Released on 1999/12/01 for Rift.
Introduction
This is a small tutorial on how to use soft-ice the debugger and what to do with it.
I have worked with soft-ice for a while now and with only knowing the basics of it I
have found it useful for my requirements. This will be part one of two, due to
having little time this part will be small and will include two examples but will
cover all the basics to getting started, part two will be more advanced and with a
lot more examples from dos to windows, so be sure to get a copy of part two as soon
as it is available.
Requirements
This is a tutorial on soft-ice so to use what I show here and to fully understand
what is going on here you MUST defiantly get a copy of it. I use soft-ice v3.0 for
windows. It's a old version but if you have a newer version these examples and
methods should defiantly work with it. *** SOME assembler knowledge *** is required
for ex. if you know how most of the jxx opcodes work and what the flags are and how
they work and have knowledge on segments and offsets you should get along fine. A
hex editor is a must if you want to test your modifications or if you want to
implement them permanently. I use Hex Workshop, which comes with a hex calculator
and a base converter.
Disclaimer
Well considering the fact that there are examples of how to illegally de-protect
software I think I MUST put this here. I take no responsibility for what anybody's
actions after they have read this tutorial and will deny every accusation that these
"cracks" are mine for the reason they where created by a coder who was tripping on
coffee and suffering from fatigue - hence I plead temporarelly insanity ...
Greets
Greets go to every one in #programming on the new zanet and the SA demo scene.
Contact Info
You can get hold of me at:coldblood@mailbox.co.za or in #programming on the new
zanet server (timewiz.zanet.net). Feedback would be very very helpfull in making
my mind up if i should even make an Part 2.

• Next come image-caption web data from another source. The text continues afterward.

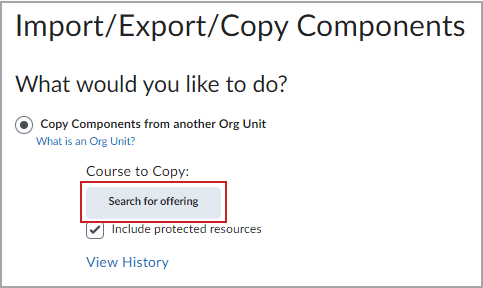 La fenêtre Importer/Exporter/Copier des composantes dans laquelle le bouton Rechercher une offre est mise en évidence.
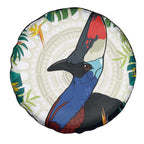 Cassowary Australia Spare Tire Cover Tropical Flowers Mix Aboriginal Art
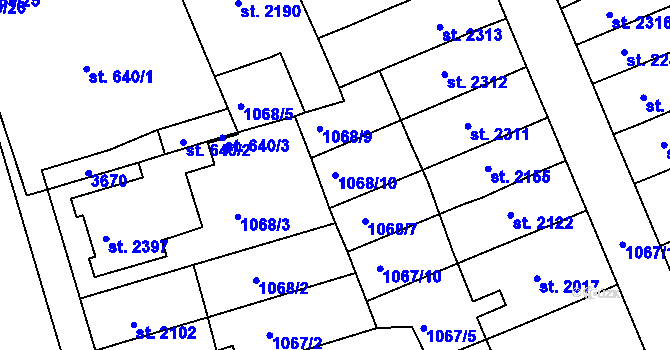 Parcela st. 1068/10 v KÚ Kroměříž, Katastrální mapa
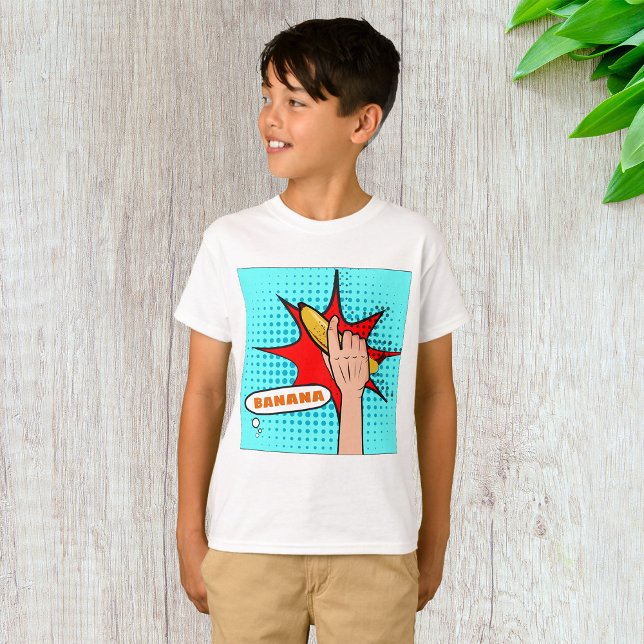 Retro Pop Art Banana Comic Book Style T-Shirt (Creator Uploaded)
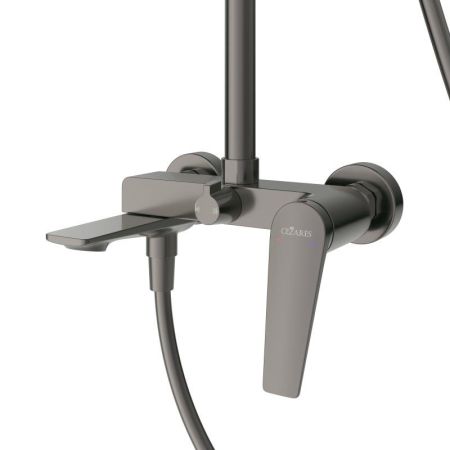 LINER-CVD-GM Душевая стойка со смесителем и изливом, исполнение оружейная сталь, артикул LINER-CVD-GM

Soft-Ice. Soft-Ice, reader. (Now shake hands)
I have a monochrome monitor attached to my system which soft-ice outputs to, this
makes using soft-ice 100% easier and more user friendly to your system. I DEFIANTLY
recommend that you get a monochrome monitor if you want to seriously start using
soft-ice. Soft-ice can also display to your current screen just make sure you select
the correct settings and test it. Make sure your mouse WORKS in soft-ice or else you
are *going* to struggle unecaserely.
Here are a few Keys you can use in soft-ice:
F1 : Brings up a description of all the keys and avalible commands
F2 : Toggles Register Window
F4 : Restores program screen
F5 : Return to program
F6 : Go to code window
F8 : Step through the instructions and calls
F10 : Step through the instructions
F12 : The most power instruction of soft-ice
CTRL+D : This is the key command that places you into soft-ice
Note each key is changeable you can even set up new keys, each key executes an soft-ice
instruction specified.
To use soft-ice to your coding and other needs there are only a few commands u need to know:
a : This is the assemble instruction. You use it to enter assembler instructions into a
certain segment:offset.
Usage:a address
Ex. if you want to put a ADD AX,AX instruction at 0030:0010 you would
type: a 0030:10
now you can enter the assembler instruction ADD AX,AX and hit enter NOTE
after you hit enter you are STILL in assembler mode to stop it just hit
enter again.
bl : This command lists all the current break point. If a break point is
disabled then it will have a * after its number.
Usage:bl
bc : This command clears all break points or a specific break point.
Usage:bc [NR|*]
NR - this is the number of a break point wich to be cleared, you can get a
number of a break point with the bl command
* - this will clear ALL the break points
bd : This disables all break points or a specific break point.
Usage:bd [NR|*]
NR - this will disable the break point specified by this value
* - this will disable all the break points
bpr : This command places a break point on a memory range that you specify.
Usage:bpr address1 address2 [R|W|RW]
address1/2 - is a segment:offset
R - break if it reads from the range
W - break if it writes to the range
RW - break if it reads or writes from/to the range
now your memory range is from address1 to address2 and a brake will occur
as soon as something tries to read/write to the specified range, depending
on what option you selected.
s : This is the SEARCH command, used to find data.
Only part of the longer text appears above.